A home meets the same basic needs as a cave did 10,000 years ago: a safe place protected from the elements, enemies, and predators. It also provides privacy, a place to eat, sleep, and rest, and a location to call your own and store your belongings.
Technology hasn’t changed those needs significantly. It’s just changed the ways in which they are met.
A number of social and technological developments are converging to change what we want from our homes. One trend among millennials is that they are more experience-focused and less materialistic than previous generations. Many of them will be restricted from home ownership because of price disparities, and they will also live more nomadic lifestyles. They therefore won’t want to accumulate lots of possessions that need to be moved when they rent a new place or move to a new city. Instead, they’d prefer to spend any spare money on going out, holidaying, having fun, and making memories.
Combine this with the rising costs of housing and an ever-increasing urban sprawl, and our current notion of home as an intimate, unique sanctuary becomes harder and harder to attain. As more people move to urban areas, more homogenized skyscraping apartment buildings are built, and less people are able to afford to create a personalized home that feels truly theirs, society will need to find ways to reinvent our emotional connection to the four walls in which we live.
Community housing may find its solution in a new technology: augmented reality. Advancements in AR are already being used in our homes in smaller ways. People can now use AR to see how a new extension might look, or how new kitchen units, bathroom suites, or even furniture and curtains might look in situ before they commit to buying them. In this way, we are able to visualize our ideal interiors without the actual presence of furniture and paint jobs.
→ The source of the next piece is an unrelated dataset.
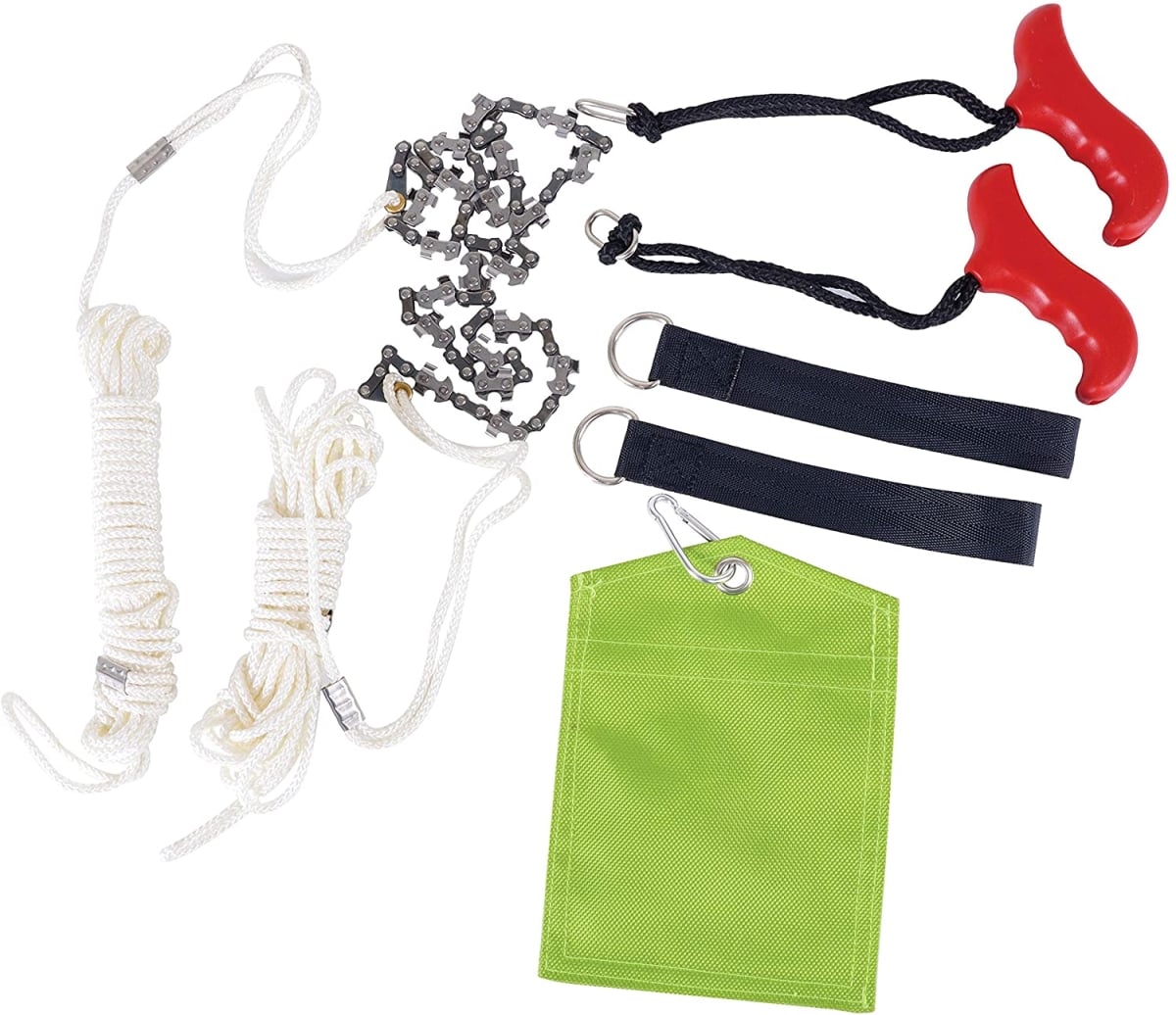 High-Limb Chain Saw with Rope -  Cool Kitchen, CO2136820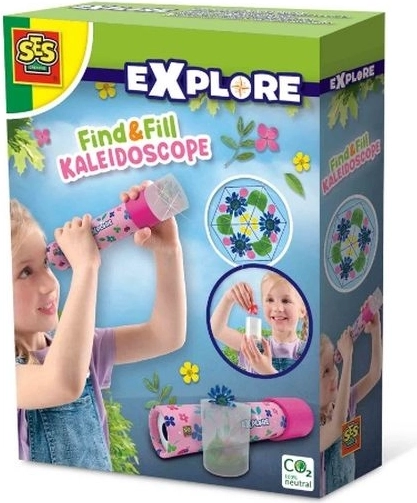 SES Creative Explore Kaleidoskop für Naturschätze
But what if instead of actually buying a new couch, you could just upload an image of it onto your old one? In the near future, visors that appear to superimpose data or computer imagery onto anything you’re looking at will become commonplace. Some will use lenses and conventional displays (such as Microsoft’s Hololens), and others will use direct retinal projection (such as Magic Leap). Why own a fancy, expensive wall hanging when you could just project it?
By using AR, we will be able to superimpose digital architecture and design onto any surface, then add a few pets, plants, aliens, zombies, or whatever else you like roaming around your living room. AR visors will provide virtual TVs without the need for a physical screen, so you wouldn’t even need to buy those: You could lie in bed and watch Netflix on your ceiling instead.
This would change the way that we live. With minimal possessions and our home’s “skin” loaded in the cloud, you could rent a very small flat, put your small collection of essential furniture and gadgets in it, and use AR to make the rest look like a super luxurious penthouse suite. Combining virtual and physical worlds means you don’t even need windows: Instead of looking out onto a run-down street, you could make a virtual window that projects a beautiful forest, beach, or exciting cityscape. Whenever you move, you could simply reconfigure your settings to the parameters of your new space and feel right at home again.
With high housing demand, rapid population growth, and a low supply of cheap accommodation, this could help solve a major problem. Small, cheap flats that only need simple architecture are already being 3D printed cheaply and easily, and this demand will go up as costs continue to plummet. Soon we could also have residential buildings that act like vertical cities, with hundreds of floors for recreation, business, keeping fit, eating out, socializing, and hundreds more for administrative and support functions. When we’re living in mass-residence buildings where we can personalize our boxes using AR headsets, residents might rarely need—or want—to leave, and tribal bonds may form that separate them from those in other mega-buildings.
It is in areas such as this that we need to show great care. Technology can deliver some very exciting possibilities for future buildings, but without appropriate thought, new social problems could result that are straight out of sci-fi dystopias. And we can’t simply take our headsets off to make them go away.